[Brief descriptive captions]
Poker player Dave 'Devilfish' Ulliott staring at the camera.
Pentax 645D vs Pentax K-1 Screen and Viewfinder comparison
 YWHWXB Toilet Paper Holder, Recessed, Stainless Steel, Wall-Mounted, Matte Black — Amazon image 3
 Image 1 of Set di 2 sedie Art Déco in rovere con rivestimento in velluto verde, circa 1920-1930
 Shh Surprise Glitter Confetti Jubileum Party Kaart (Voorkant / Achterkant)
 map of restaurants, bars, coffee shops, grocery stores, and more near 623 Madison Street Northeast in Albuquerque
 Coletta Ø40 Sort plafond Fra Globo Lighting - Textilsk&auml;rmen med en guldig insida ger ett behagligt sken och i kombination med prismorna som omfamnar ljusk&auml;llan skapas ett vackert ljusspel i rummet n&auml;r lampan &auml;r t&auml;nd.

## TASK GOAL
Your answer should consist only of the lines from the one with "YWHWXB Toilet Paper" through the end of the data above, reproduced exactly.

## ANSWER TO THIS EXERCISE
 YWHWXB Toilet Paper Holder, Recessed, Stainless Steel, Wall-Mounted, Matte Black — Amazon image 3
 Image 1 of Set di 2 sedie Art Déco in rovere con rivestimento in velluto verde, circa 1920-1930
 Shh Surprise Glitter Confetti Jubileum Party Kaart (Voorkant / Achterkant)
 map of restaurants, bars, coffee shops, grocery stores, and more near 623 Madison Street Northeast in Albuquerque
 Coletta Ø40 Sort plafond Fra Globo Lighting - Textilsk&auml;rmen med en guldig insida ger ett behagligt sken och i kombination med prismorna som omfamnar ljusk&auml;llan skapas ett vackert ljusspel i rummet n&auml;r lampan &auml;r t&auml;nd.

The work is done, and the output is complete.